Description of the task:
Without the pictures, set down every record below exactly as it reads.

Dataset records
Segment Open

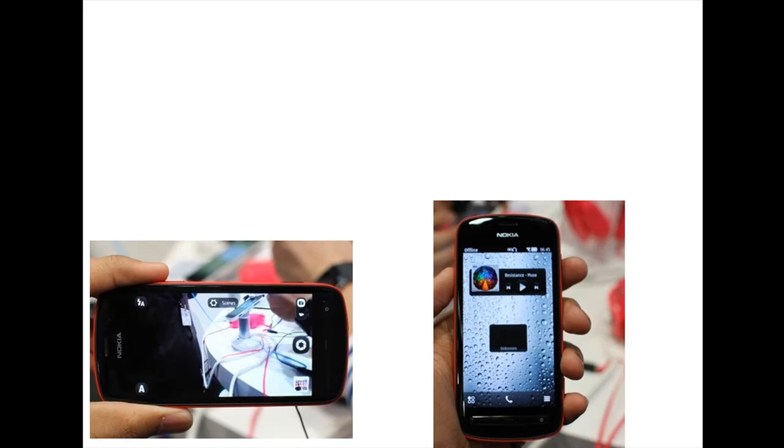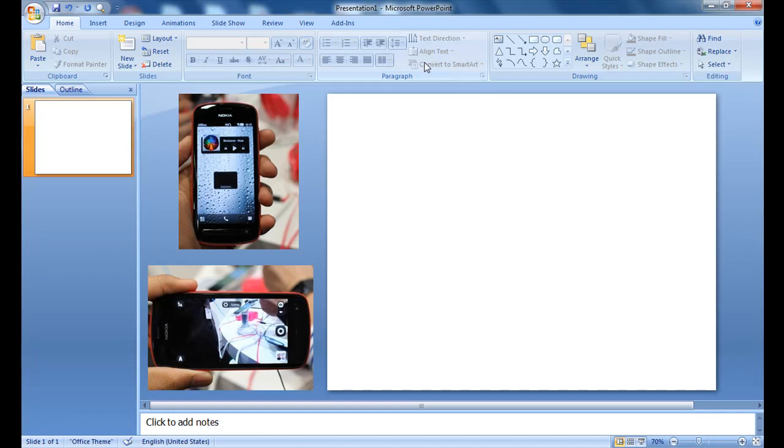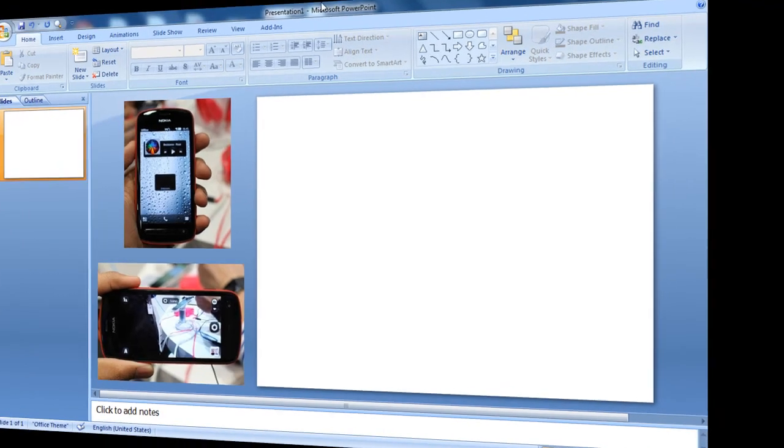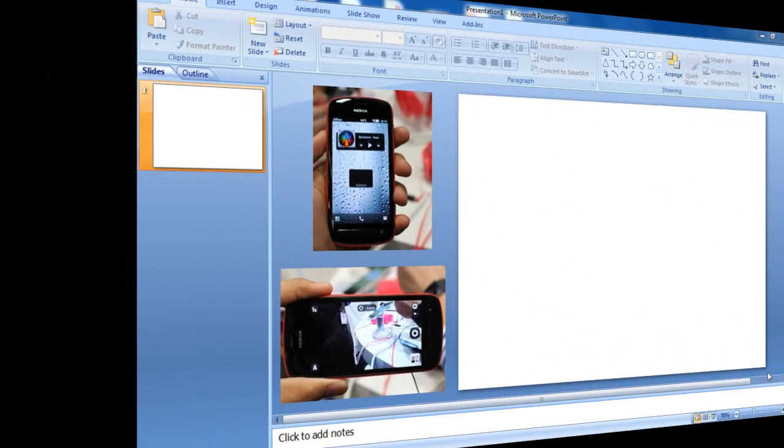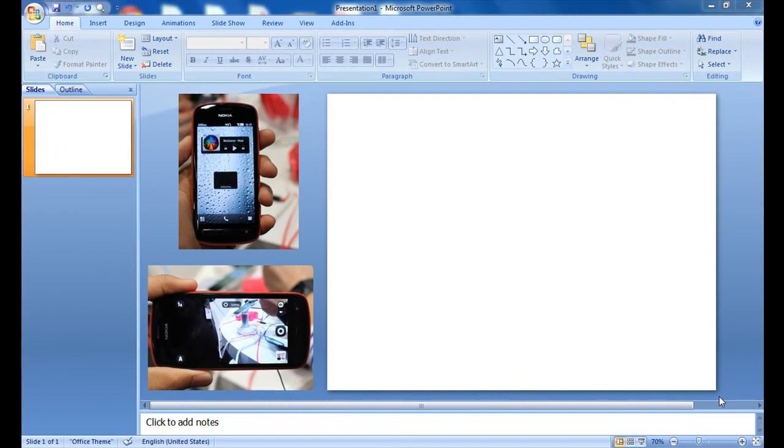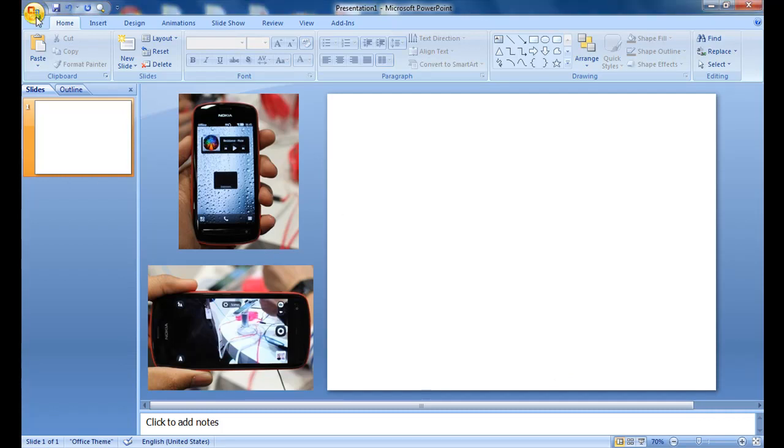So how can we do this animation in PowerPoint? For this, we need first of all Office 2007 or Office 2010. Let's see the demonstration in the 2007 Office version. I have created this previously, now we will create from scratch.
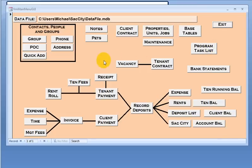Going over to the tenant side, I have a vacancy list so that way I can process and receive applications. Once I get an acceptable application, the tenant is moved over to a tenant contract.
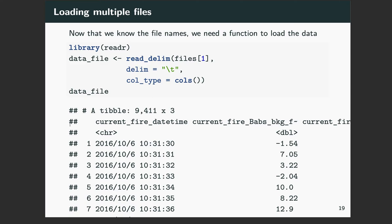Now that we know the file names we need a function to load in all of these files. To do this we're going to use the readr library, which contains functions to read almost any file format we're interested in. In this case we're going to use the read_delim function. We're going to specify that our data is tab delimited — you may just need to look at that file in a text browser to understand what your delimiter is. Loading the first file in the list and telling it to make its best guess at column types, you can see it loads up a big table with almost ten thousand observations with all the data from the first pax data file.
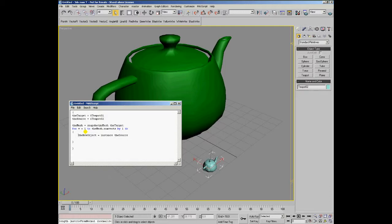We'll set the name of this new clone to a unique name using the original name of the source and adding the suffix 'clone' to it.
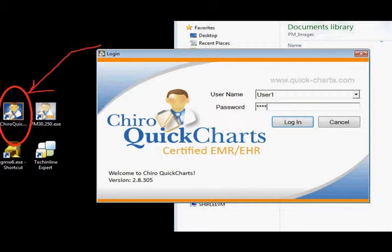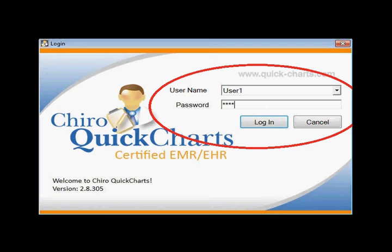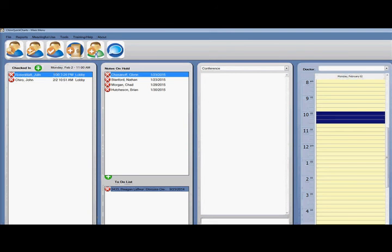To begin using Cairo Quick Charts, first find your desktop icon and double-click. The default username is user1 and password of test. Once logged in, you should see a screen very similar to mine.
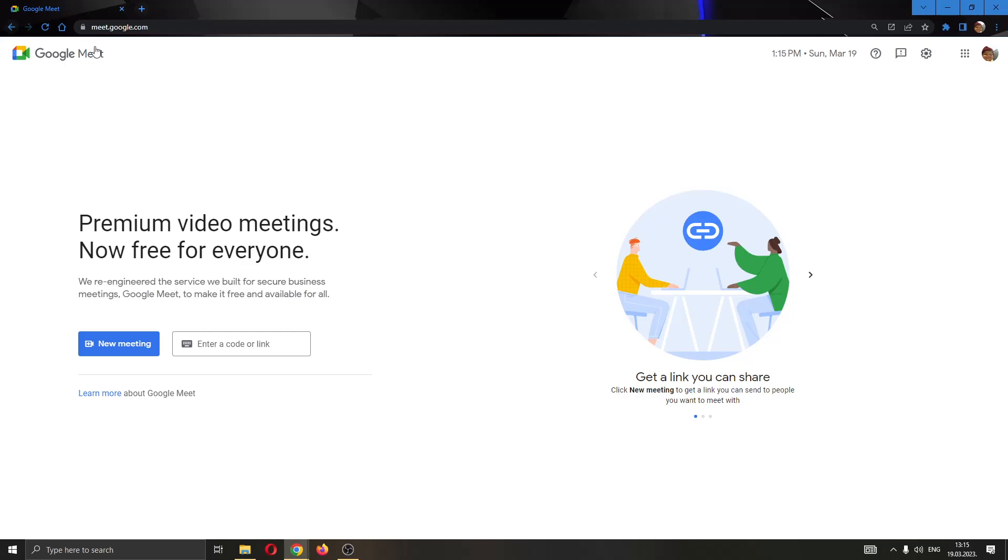The first thing you want to do is go ahead to the official Google Meet website right here and log into your Google account. After logging in, you'll be greeted by this main page where you can see at the left side of the screen you have the option to either create a new meeting or to join an existing meeting using a code or link.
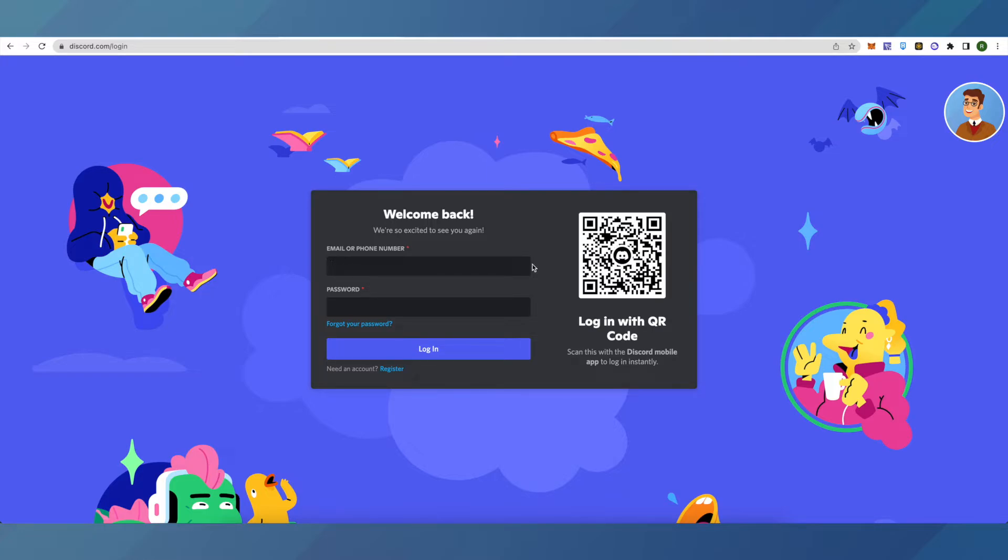These two are the only legit ways to log into Discord without using email. If you want the other way, you can contact the Discord support using an alternate email ID and they will be able to contact you on the email provided by you.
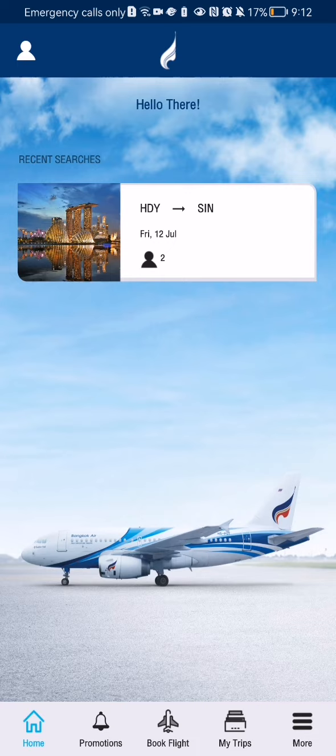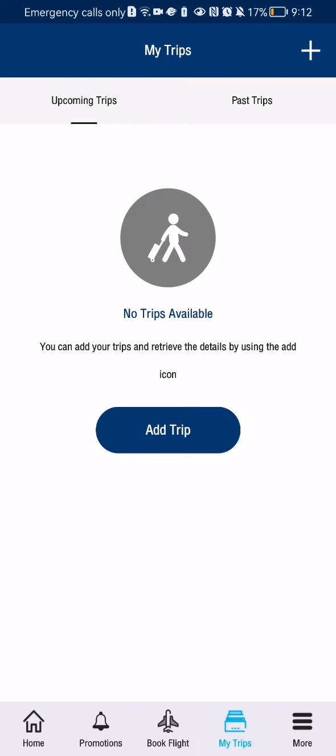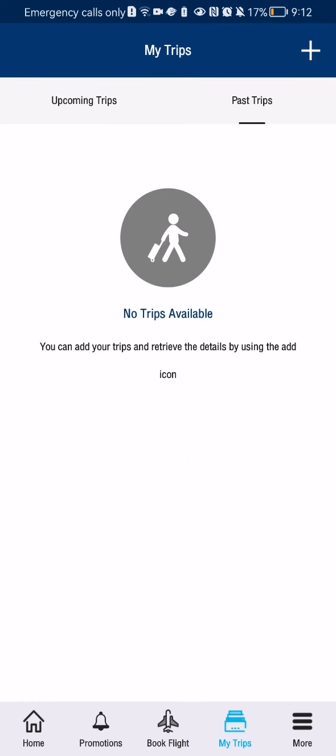That fourth option is 'My Trips'. In this page, you can see that by default we are going to be in the upcoming trips section. If you want to see your past trips, you can just press on 'Past Trips' next to it, and you can see both your upcoming and your past trips in this page.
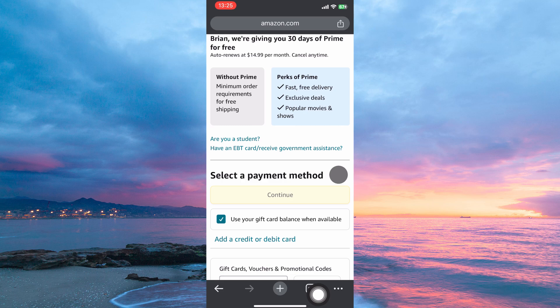You will now have successfully subscribed to Amazon Prime. Note: payment will be deducted monthly from your payment method. To stop auto-renew, you have to remove your payment method. And that is how to subscribe to Amazon Prime on iPhone.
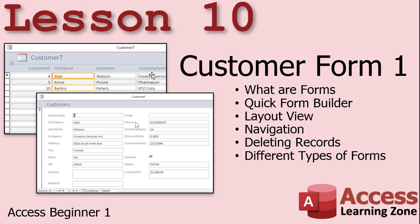In lesson 10, we're going to build a customer form to present our user with a nice friendly interface for adding and editing records. We'll see how the quick form builder works, we'll learn about navigation, layout view, deleting records, and the different types of forms in Microsoft Access.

Segment Closed

Result of this task:
So how can we do this animation in PowerPoint? For this, we need first of all Office 2007 or Office 2010. Let's see the demonstration in the 2007 Office version. I have created this previously, now we will create from scratch.
Going over to the tenant side, I have a vacancy list so that way I can process and receive applications. Once I get an acceptable application, the tenant is moved over to a tenant contract.
Now that we know the file names we need a function to load in all of these files. To do this we're going to use the readr library, which contains functions to read almost any file format we're interested in. In this case we're going to use the read_delim function. We're going to specify that our data is tab delimited — you may just need to look at that file in a text browser to understand what your delimiter is. Loading the first file in the list and telling it to make its best guess at column types, you can see it loads up a big table with almost ten thousand observations with all the data from the first pax data file.
We'll set the name of this new clone to a unique name using the original name of the source and adding the suffix 'clone' to it.
To begin using Cairo Quick Charts, first find your desktop icon and double-click. The default username is user1 and password of test. Once logged in, you should see a screen very similar to mine.
The first thing you want to do is go ahead to the official Google Meet website right here and log into your Google account. After logging in, you'll be greeted by this main page where you can see at the left side of the screen you have the option to either create a new meeting or to join an existing meeting using a code or link.
These two are the only legit ways to log into Discord without using email. If you want the other way, you can contact the Discord support using an alternate email ID and they will be able to contact you on the email provided by you.
That fourth option is 'My Trips'. In this page, you can see that by default we are going to be in the upcoming trips section. If you want to see your past trips, you can just press on 'Past Trips' next to it, and you can see both your upcoming and your past trips in this page.
You will now have successfully subscribed to Amazon Prime. Note: payment will be deducted monthly from your payment method. To stop auto-renew, you have to remove your payment method. And that is how to subscribe to Amazon Prime on iPhone.
In lesson 10, we're going to build a customer form to present our user with a nice friendly interface for adding and editing records. We'll see how the quick form builder works, we'll learn about navigation, layout view, deleting records, and the different types of forms in Microsoft Access.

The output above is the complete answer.